WORK TO COMPLETE: Only the lines from the one that contains "Young woman using" through the last line of the data below should be duplicated, exactly and without pictures.

Image-text web data
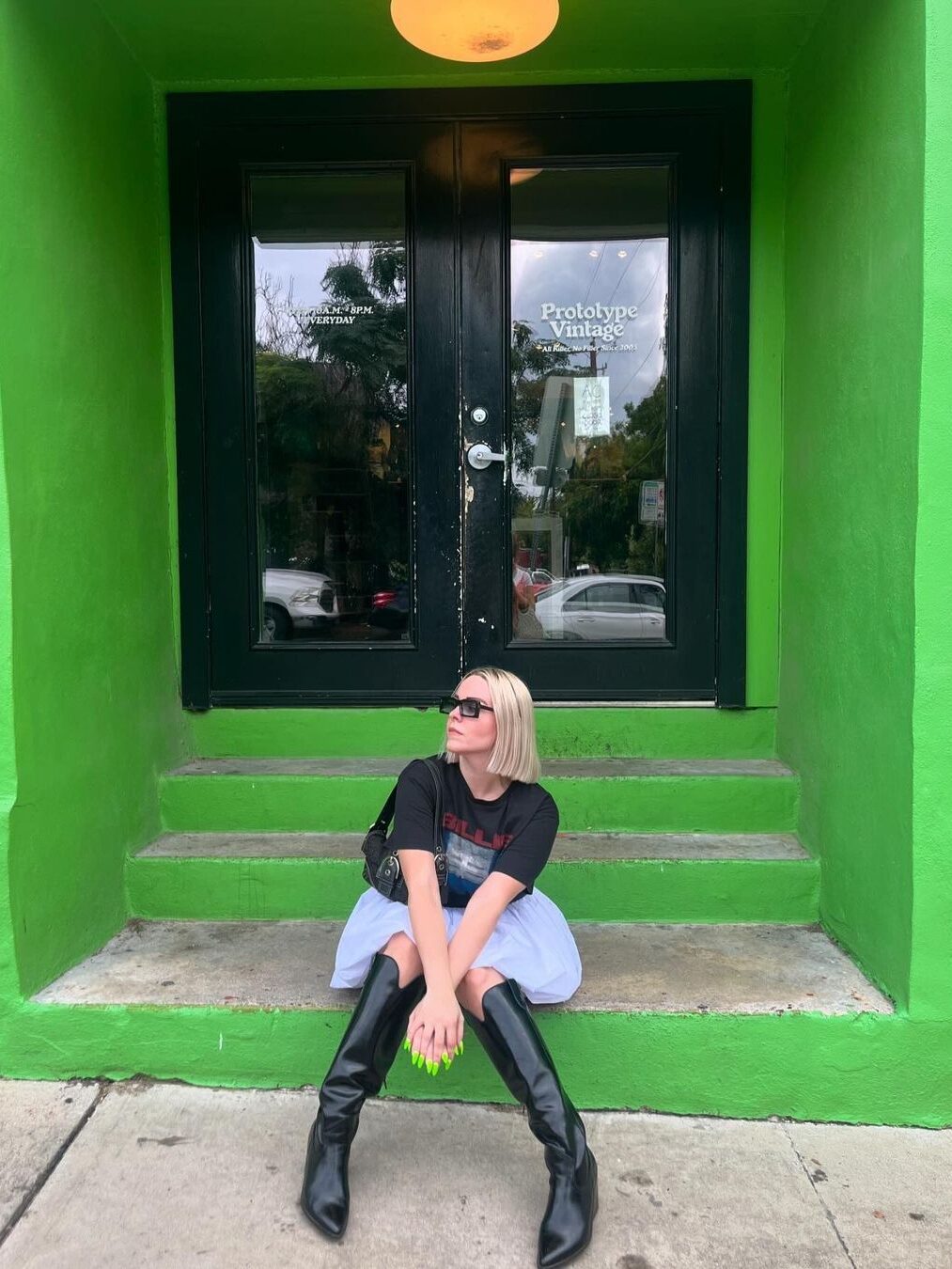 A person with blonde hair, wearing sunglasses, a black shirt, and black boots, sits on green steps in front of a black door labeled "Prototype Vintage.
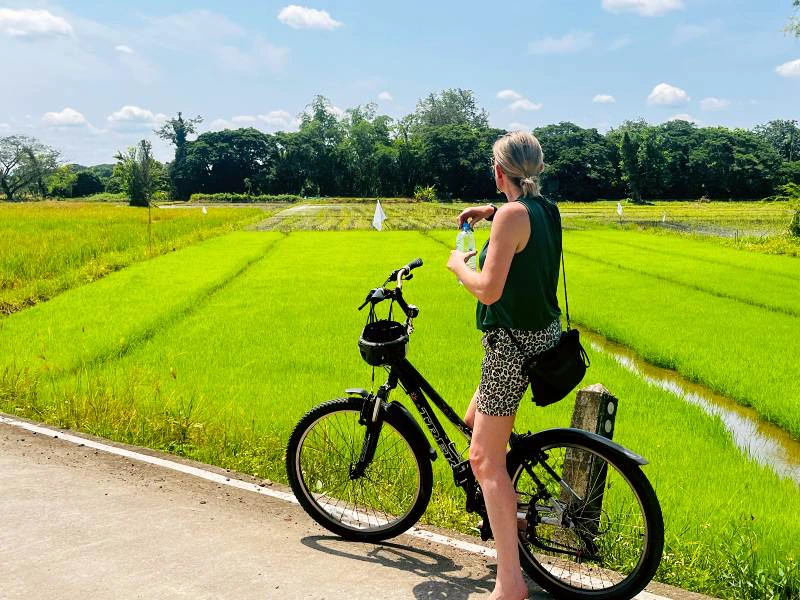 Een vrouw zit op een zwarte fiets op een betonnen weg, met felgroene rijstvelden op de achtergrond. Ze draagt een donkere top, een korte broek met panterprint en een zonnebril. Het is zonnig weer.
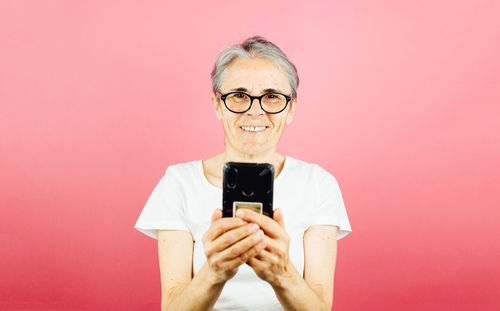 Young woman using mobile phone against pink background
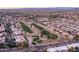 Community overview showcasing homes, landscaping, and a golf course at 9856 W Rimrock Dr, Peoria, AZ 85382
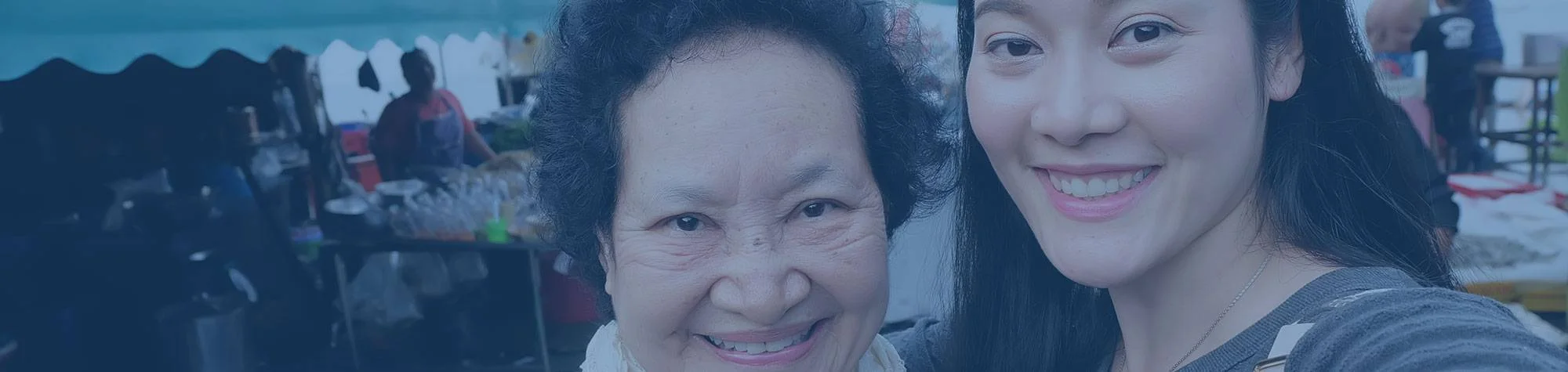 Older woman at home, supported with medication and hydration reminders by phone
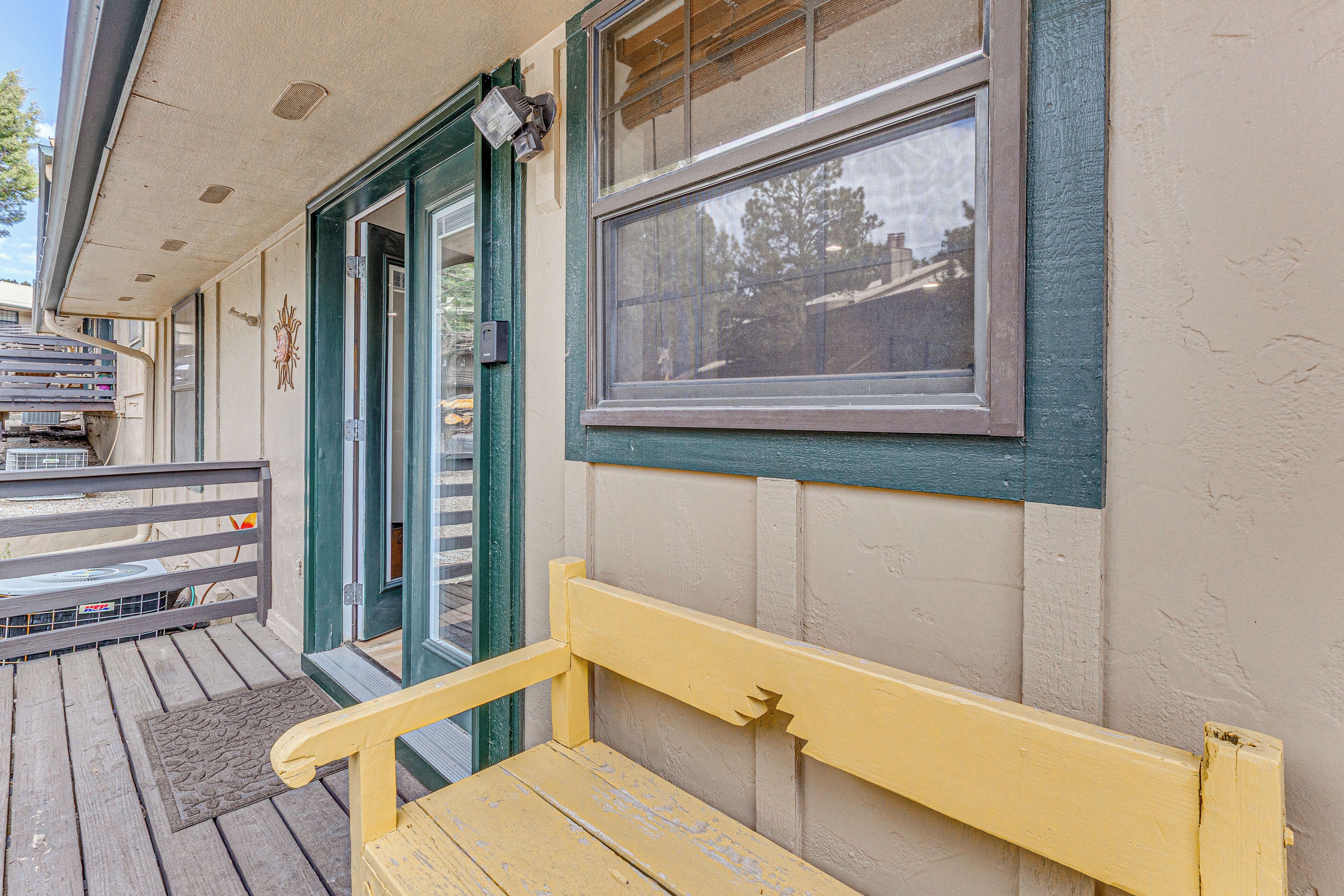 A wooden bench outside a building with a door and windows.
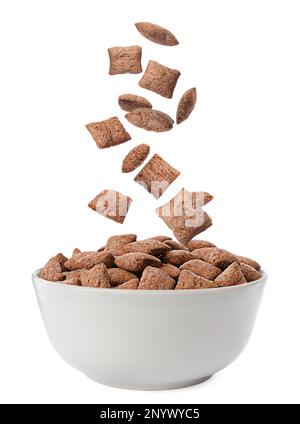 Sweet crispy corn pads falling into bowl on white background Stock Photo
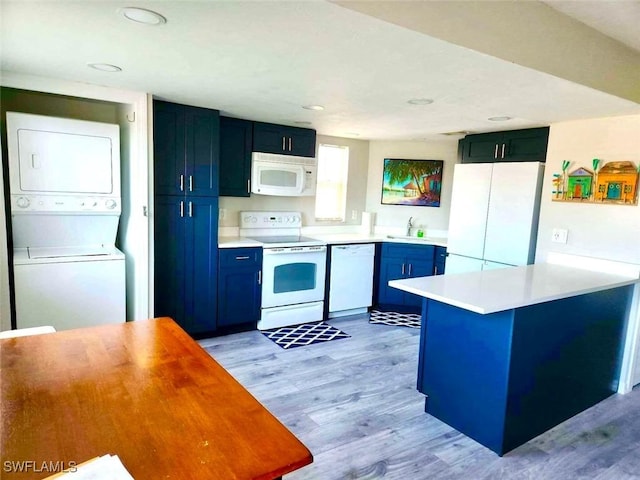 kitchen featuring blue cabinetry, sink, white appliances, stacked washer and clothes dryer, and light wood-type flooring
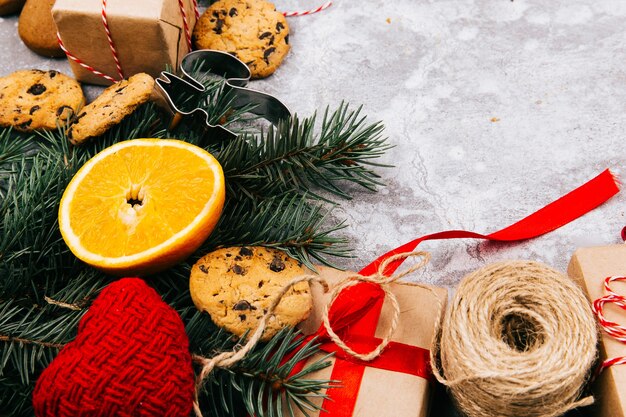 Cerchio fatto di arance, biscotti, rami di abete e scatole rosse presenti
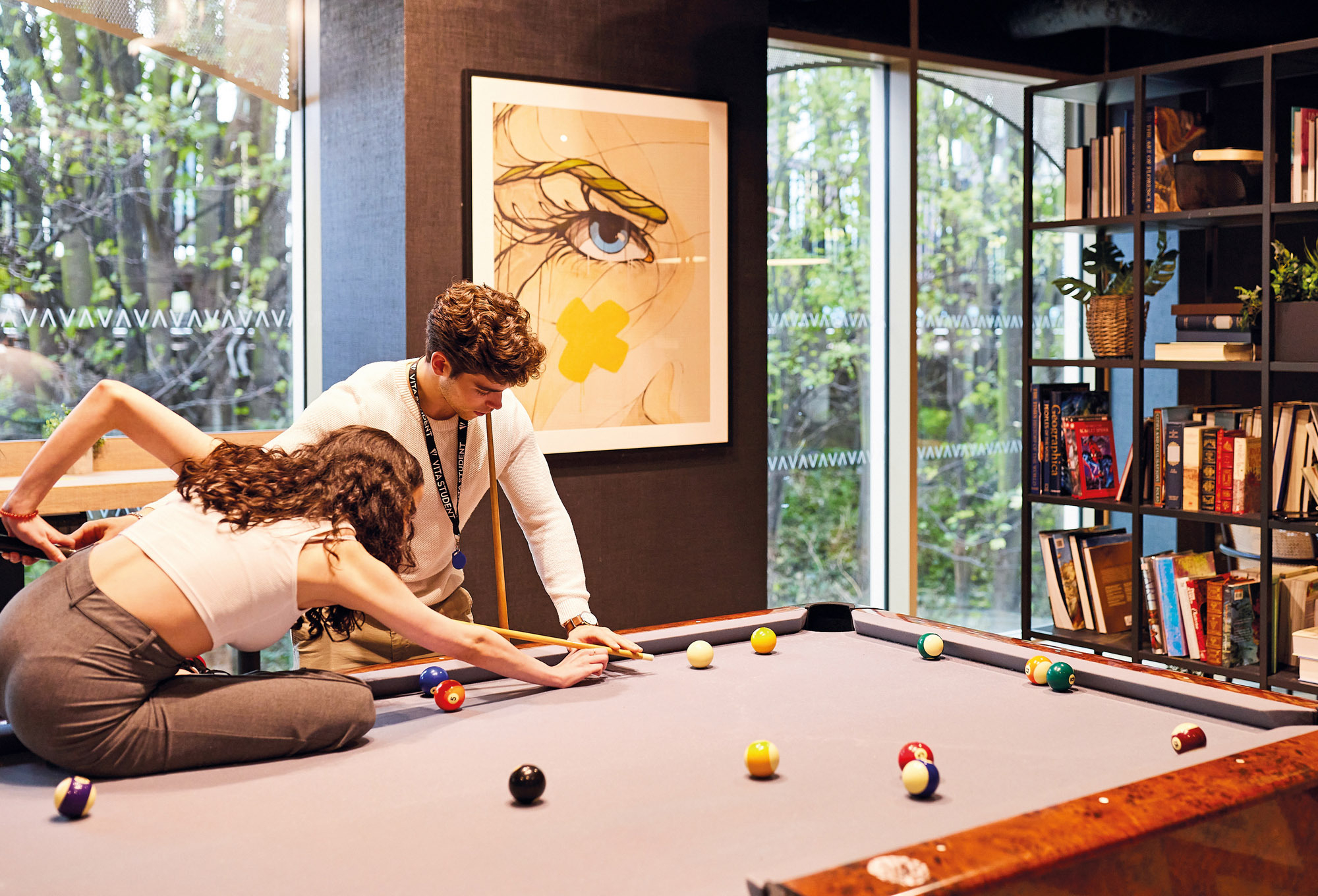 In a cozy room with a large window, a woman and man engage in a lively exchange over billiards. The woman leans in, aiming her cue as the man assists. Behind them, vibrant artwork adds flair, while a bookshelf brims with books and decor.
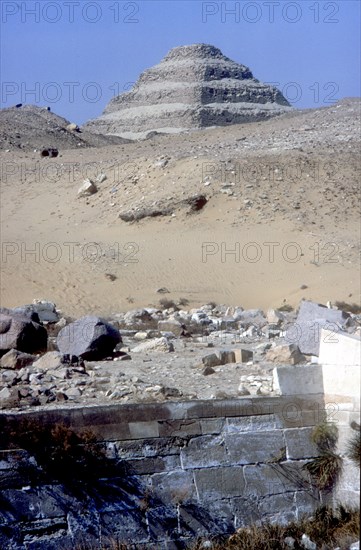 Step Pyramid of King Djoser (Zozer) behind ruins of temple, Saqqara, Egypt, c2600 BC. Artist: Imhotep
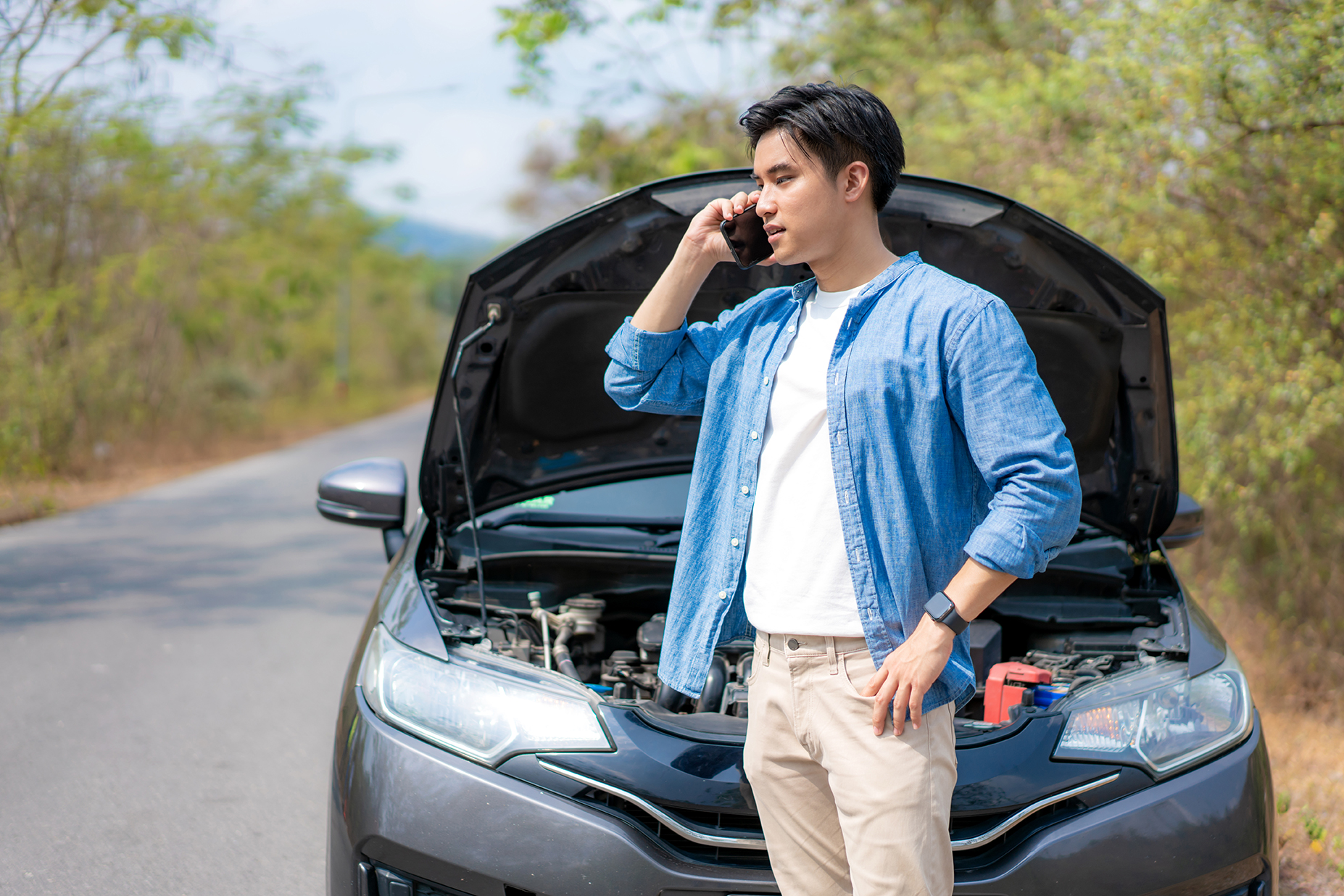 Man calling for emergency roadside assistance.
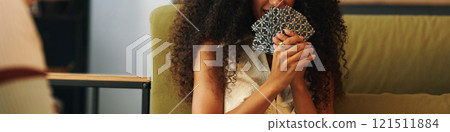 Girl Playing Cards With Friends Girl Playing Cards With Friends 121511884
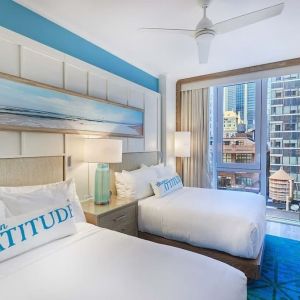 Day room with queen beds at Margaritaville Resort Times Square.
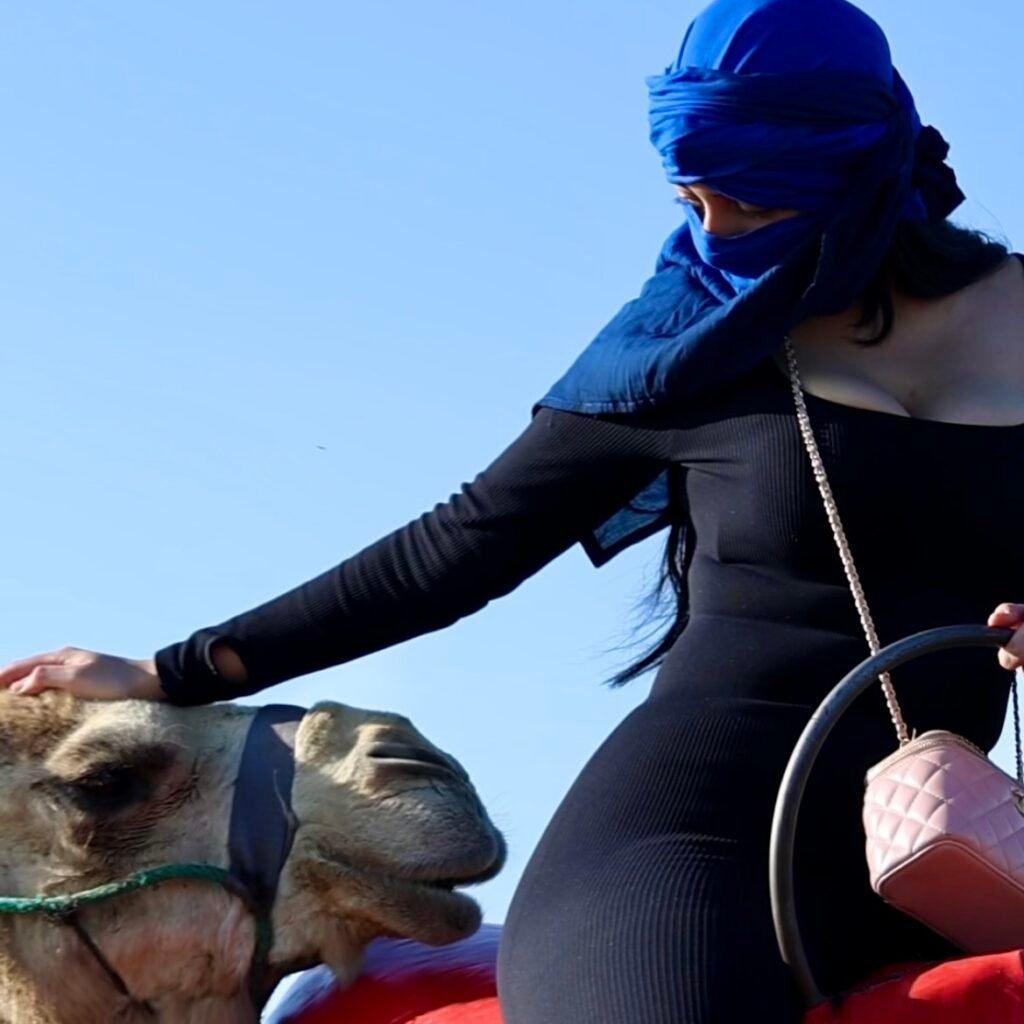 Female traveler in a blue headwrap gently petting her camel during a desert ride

EXERCISE RESPONSE:
 Young woman using mobile phone against pink background
 Community overview showcasing homes, landscaping, and a golf course at 9856 W Rimrock Dr, Peoria, AZ 85382
 Older woman at home, supported with medication and hydration reminders by phone
 A wooden bench outside a building with a door and windows.
 Sweet crispy corn pads falling into bowl on white background Stock Photo
 kitchen featuring blue cabinetry, sink, white appliances, stacked washer and clothes dryer, and light wood-type flooring
 Cerchio fatto di arance, biscotti, rami di abete e scatole rosse presenti
 In a cozy room with a large window, a woman and man engage in a lively exchange over billiards. The woman leans in, aiming her cue as the man assists. Behind them, vibrant artwork adds flair, while a bookshelf brims with books and decor.
 Step Pyramid of King Djoser (Zozer) behind ruins of temple, Saqqara, Egypt, c2600 BC. Artist: Imhotep
 Man calling for emergency roadside assistance.
 Girl Playing Cards With Friends Girl Playing Cards With Friends 121511884
 Day room with queen beds at Margaritaville Resort Times Square.
 Female traveler in a blue headwrap gently petting her camel during a desert ride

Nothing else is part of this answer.